Seth Bogart returns five years later, promises audio-visual experience

Friday 17th, June 2016 / 13:22
By Colin Gallant

Disclosure: Music Editor Colin Gallant is a contract Sled Island employee.

Seth Bogart has embraced all parts of himself for new album and tour. Photo: J.J. Stratford

Seth Bogart has embraced all parts of himself for new album and tour.
Photo: J.J. Stratford

CALGARY — “Hell no! Fuck that shit.”

That was Seth Bogart’s answer to the first question posed in the interview for this story. We scheduled well in advance, due to his being one of my idols and his omnipresence as Hunx at Sled Island 2011 (also inescapable: endless lines to see him). Apparently, there was a miscommunication with his publicist’s wanting to do the chat after Coachella.

“That’s a festival I can get into,” he chimes in, when informed that this call is to talk about Sled Island. I didn’t actually see any of his official performances in 2011, but did enjoy his luridly intimate set at our old BeatRoute office.

“I think I peed everywhere,” he (barely) remembers. “And I think everyone drank my pee.”

Early this year, Bogart released his first album under his given name, but will be billed as The Seth Bogart Show at Sled.

“It’s an audio-visual show, so there’s projections the entire show, and lots of costume changes, and usually I have a set,” he says. “By the time I come to Canada we’ll probably have some blow-up things onstage. Then there’s lots of commercials and videos.”

Unbeknownst to Bogart at the beginning of our interview, someone had recorded the entirety of his debut of the Show and let it loose on YouTube. It depicted (spoiler alert) fake security guards who are lusted at during the show, only to do something unexpected when the ruse is revealed.

“I need to find some of those for Canada,” he reacts. “I would always flirt, every time, with security when I was in Hunx. Just because I always thought it was funny.”

Almost all of the time, pop music is about love and sex. Yet with Bogart, he at once — intentionally or not — normalizes and simultaneously absurdifies homosexuality within supposedly alternative, yet predominantly heterosexual, indie culture. The response (for Bogart and many others) from the press has sorely missed the mark in its appraisal of so-called “gay music.” The collateral effect has been to dominate the conversation on, thus marginalize, artists whose sexual expression is as rightfully in play in their work as it is for anyone inside the heterosexual experience.
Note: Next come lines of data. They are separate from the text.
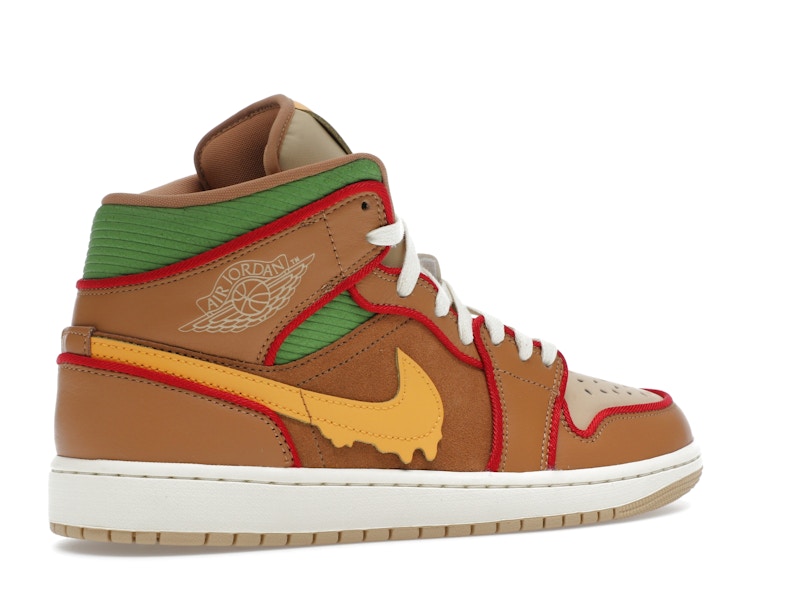 Jordan 1 Mid SE Cheeseburger - image 34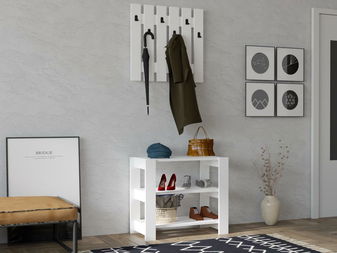 Set za predsoblje Sotasu (bijela)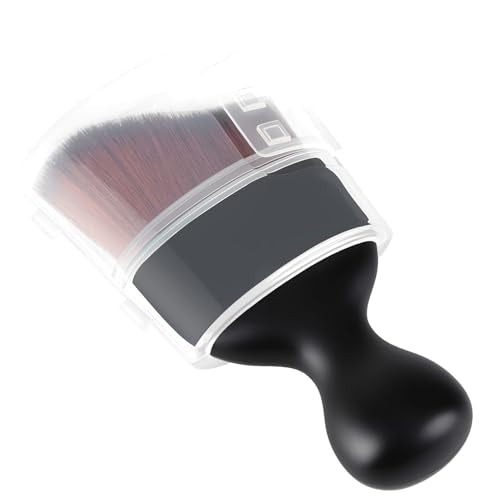 Car Detailing Brush, Soft Bristle Cleaning Brush, Scratch-Free Auto Duster Tool for Dashboard, Air Vents, Leather & Interior Cleaning (Black&Dark Brown with Cap) - color: Black&Dark Brown with Cap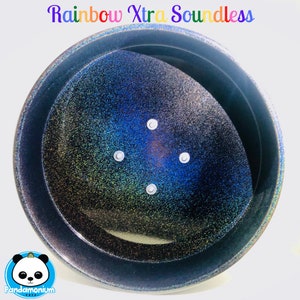 Rainbow XTRA Soundless Spinner- Xtremely LIGHT! Pandamonium Pets original BEST spinner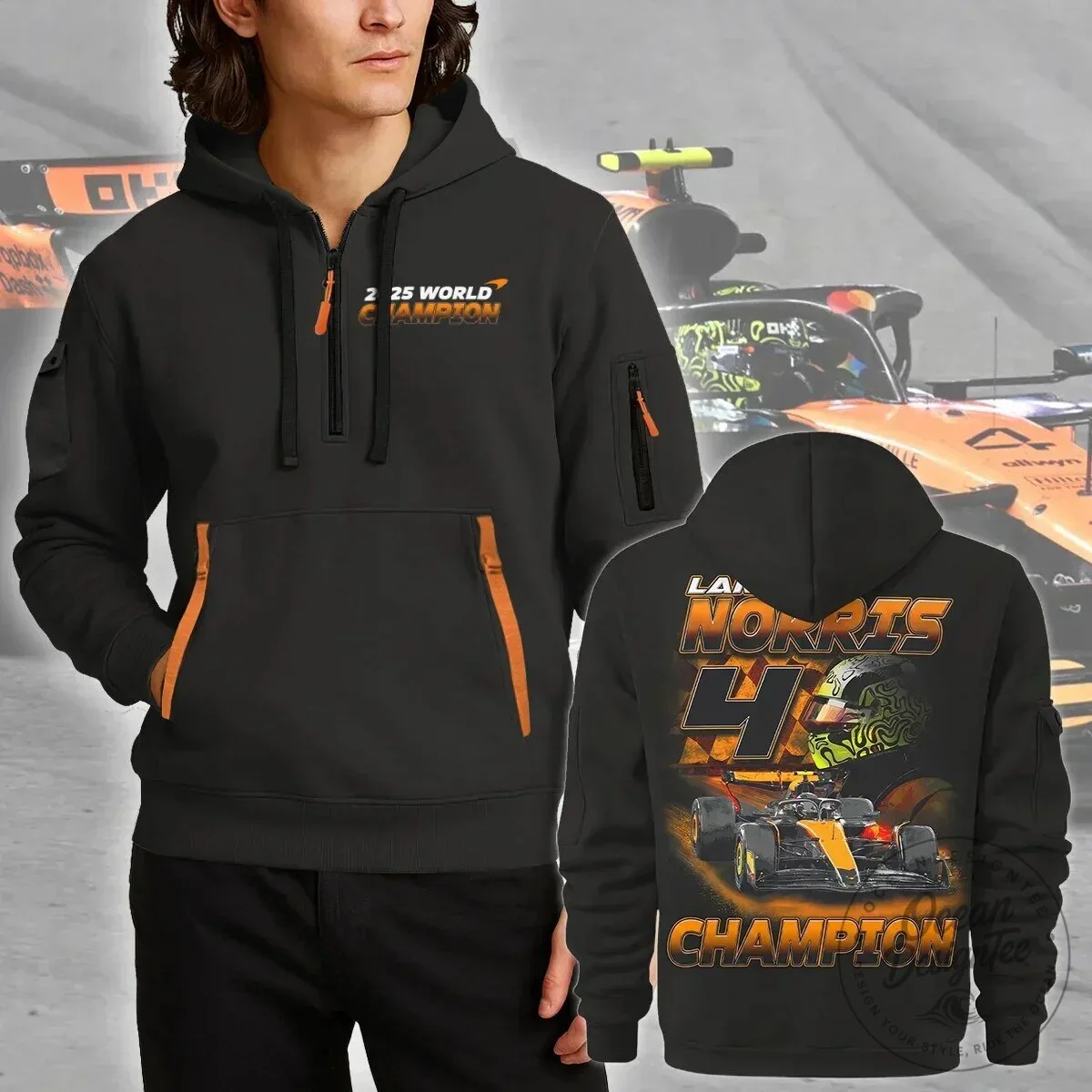 Lando Norris McLaren Formula 1 Racing Champion Hoodie 11 Lando Norris McLaren Formula 1 Racing Champion Hoodie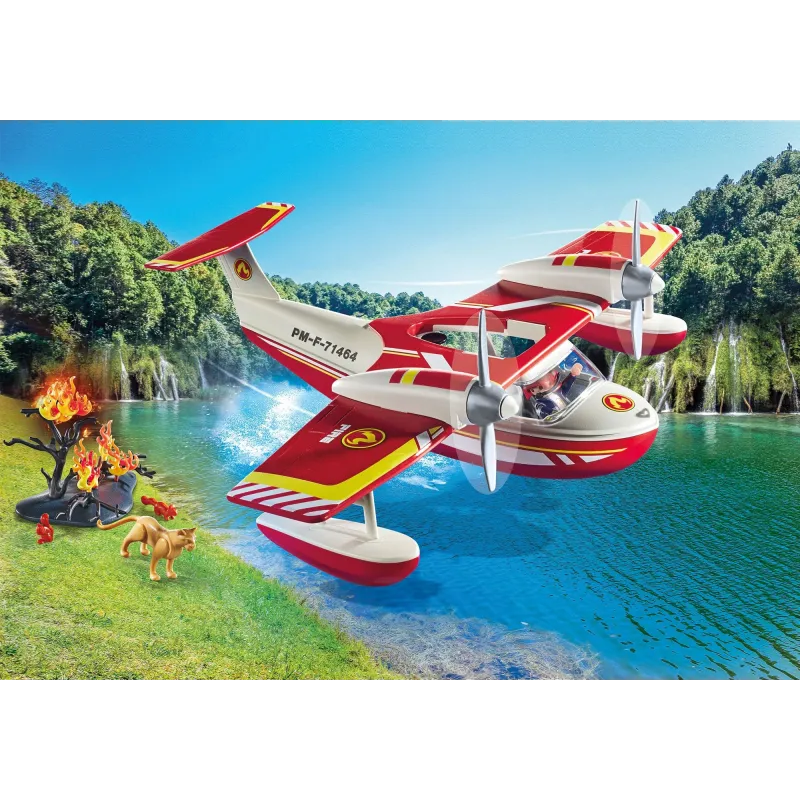 PLAYMOBIL ACTION HEROES Ugunsdzēsības jūras lidmašīna ar dzēšanas funkciju 71463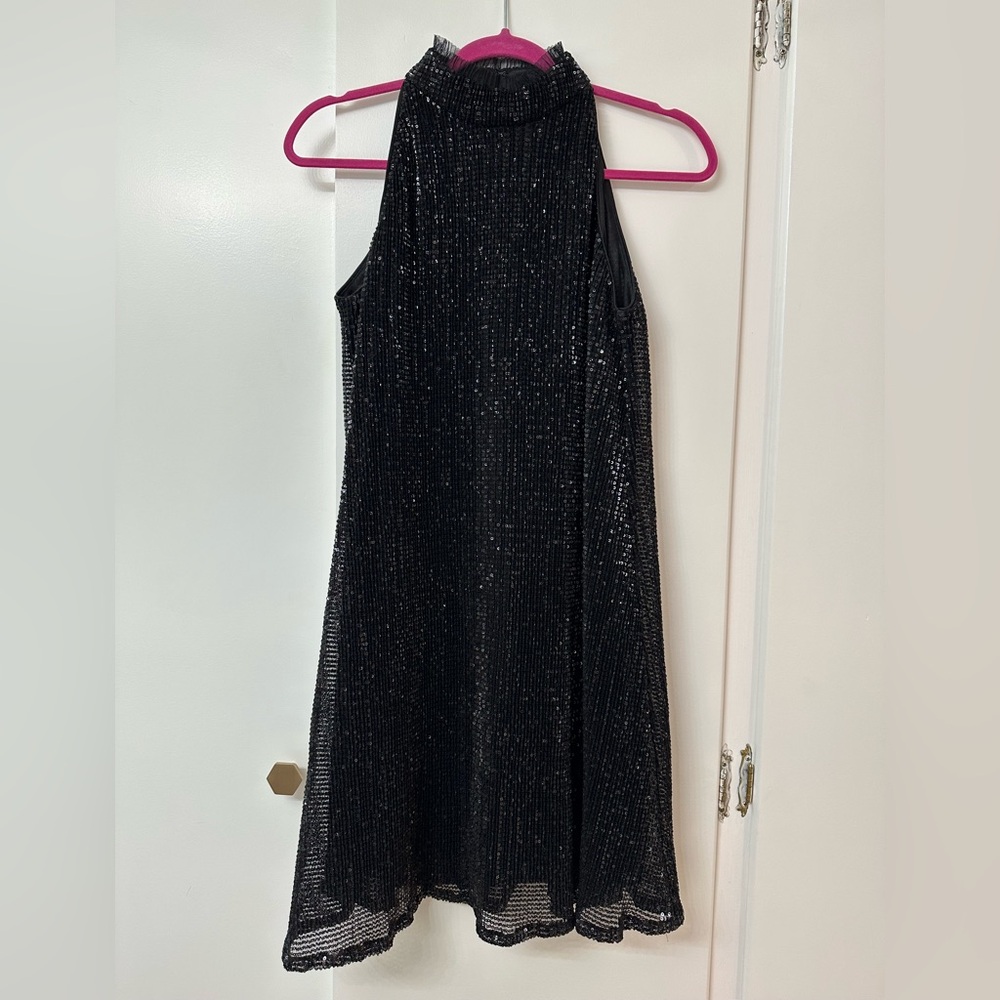 Laundry By Shelli Segal Glittering Black Cocktail Dress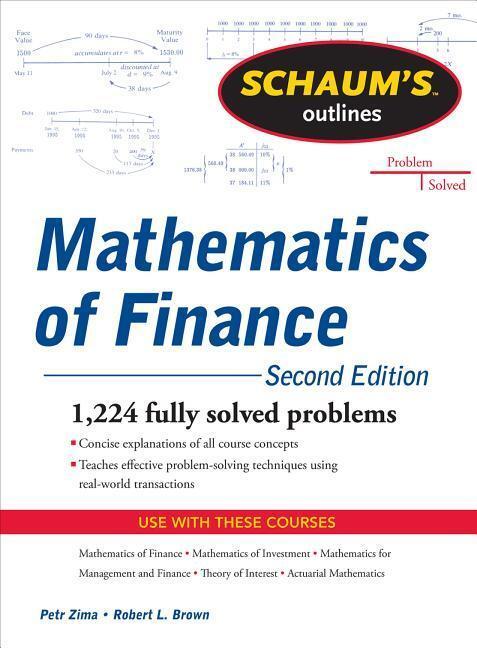 Cover: 9780071756051 | Schaum's Outline of Mathematics of Finance, Second Edition | Buch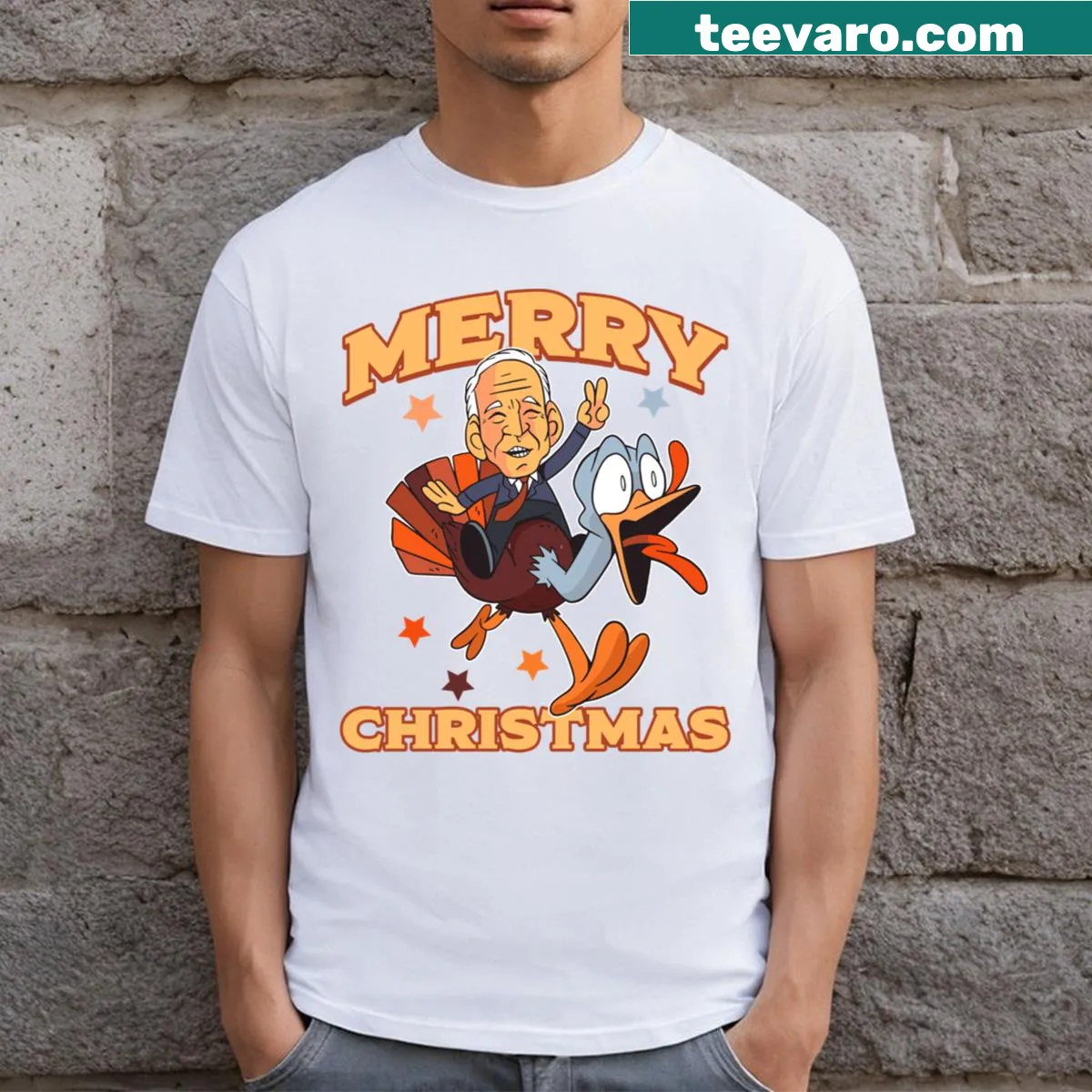 Funny Anti Biden graphic T-shirt for Thanksgiving — on a men's t-shirt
“I feel the album is really weird because it’s half very silly and funny, and then, there’s a few songs on it that are very personal and sad, about losing friends… I guess there’s some sexual fantasy songs as well,” he says. “When it comes down to it, I feel like I’m kind of a mix of all that stuff, so, I was just trying to make something that felt really real to me.”

The Seth Bogart Show takes place on June 23rd at the #1 Legion, and Bogart will DJ at Broken City on the 24th as part of Sled Island Music and Arts Festival.